Auch in Australien ist Craft-Beer ein großes Thema und so hat sich auch hier eine Reihe von Mikrobrauereien etabliert. Die Matso’s Broome Brewery hat einige preisgekrönte und saisonale Biere auf der Karte, die zu den besten Bieren Australiens zählen. Meine Favoriten sind das fruchtige Mango Beer (die dafür benötigten Mangos wachsen hier in der Kimberley-Region) und das Ginger Beer.

Auf Grund der großen Nachfrage wird seit 2007 nicht mehr nur hier in diesem historischen Gebäude das Bier gebraut sondern ein Teil der Produktion in eine Brauerei in Perth ausgelagert.

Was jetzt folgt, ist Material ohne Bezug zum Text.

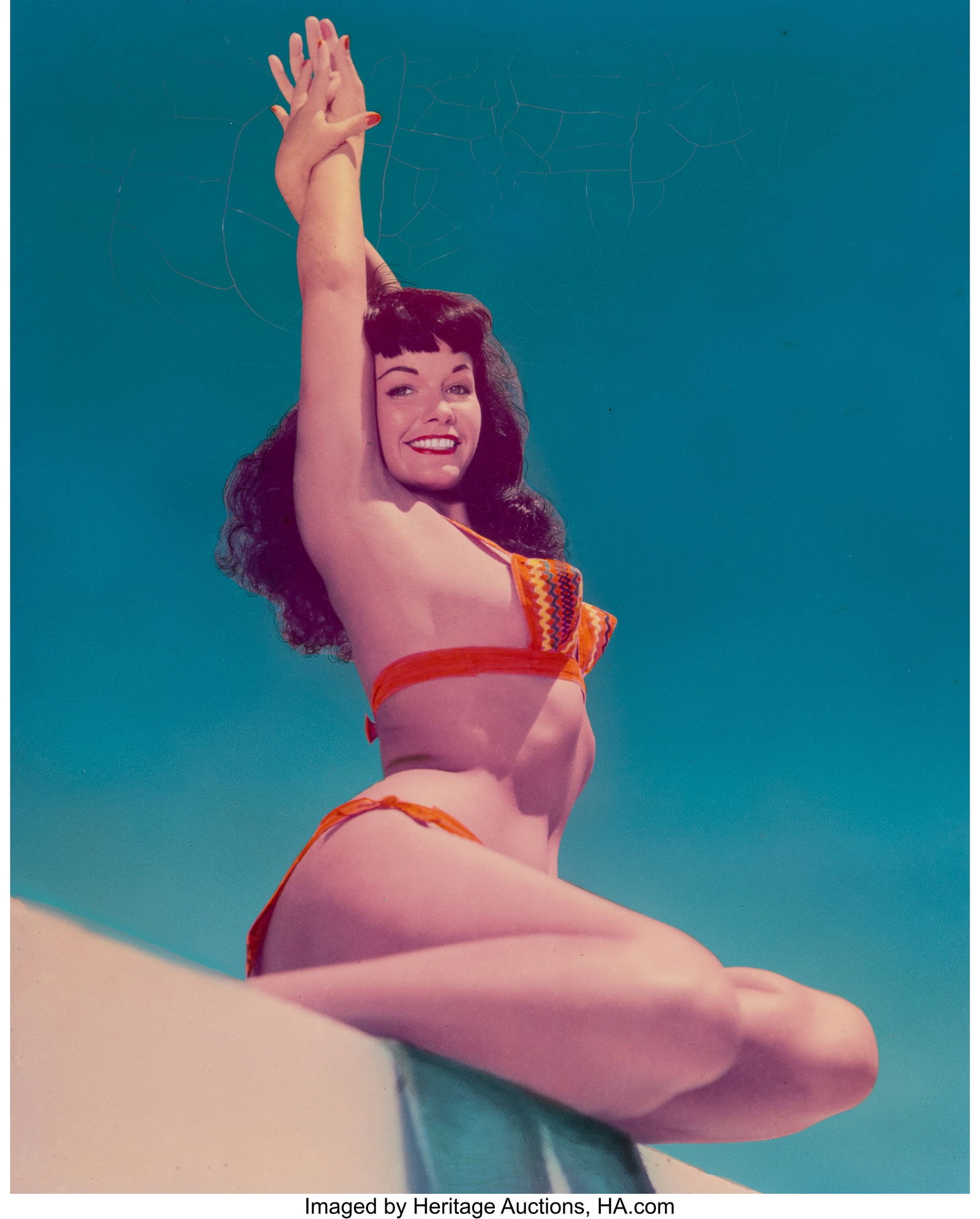 Bunny Yeager (American, 1929-2014) Bettie Page,: Bunny Yeager (American, 1929-2014) Bettie Page, circa 1954 Unique hand colored dye coupler print 14 x 11 inches (35.6 x 27.9 cm) (image/sheet&rpa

Das Gebäude der Brauerei hat eine überaus bewegte Geschichte hinter sich. Es wurde ursprünglich als die erste Bank in Broome gebaut. Sie stand mitten im Rotlichtbezirk von Chinatown, umzingelt von Opiumhöhlen und Bordellen. Ende der 1940er Jahre brannte das ganze Stadtviertel ab – nur dieses Gebäude blieb übrig und wechselte seitdem mehrfach die Standorte und seine Bestimmung. Bevor es zur „Hülle“ der Brauerei wurde, beherbergte es einen Gemischtwarenladen der Familie Matsumoto – der Brauereiname erinnert daran.

Rezept: Matso’s Pearler’s Burger

Zutaten (für ca. 4-5 Burger)

  • 1 kg Schweineschulter ohne Knochen
  • 400 g Wurzelgemüse (z. B. Zwiebeln, Sellerie, Karotten)
  • 700 ml Matso’s Pearler’s Pale Ale
  • Salz, Pfeffer
  • Blätter von Rotkohl und Eisbergsalat
  • Tomatenscheiben
  • Burgerbrötchen

 

Für die Sauce:

  • 10 g rote Chili, klein gehackt
  • 10 g Knoblauch, klein gehackt
  • 30 ml Weißweinessig
  • 70 g Zucker
  • 5 g Salz
  • 60 g Honig
  • 5 g Szechuan Pfefferkörner
  • 20 ml Zitronensaft
  • 1 Msp. rote indische Lebensmittelfarbe (falls vorhanden)
  • Maisstärke zum Abbinden

 

Zubereitung:
Für die Sauce alle Zutaten bis auf die Maisstärke in einem Kochtopf zum Kochen bringen und zum Schluss mit der Maisstärke abbinden (dafür etwas Stärke mit kaltem Wasser verrühren), so dass die Sauce sirupartig wird. Um den kalten Zustand der Sauce zu testen, einfach zu Beginn einen Teller ins Tiefkühlfach stellen und sobald die Sauce fertig gekocht ist, einen Esslöffel der Sauce auf den eiskalten Teller tröpfeln. Die Sauce erkaltet und man erkennt, wie stark sie abgebunden wurde.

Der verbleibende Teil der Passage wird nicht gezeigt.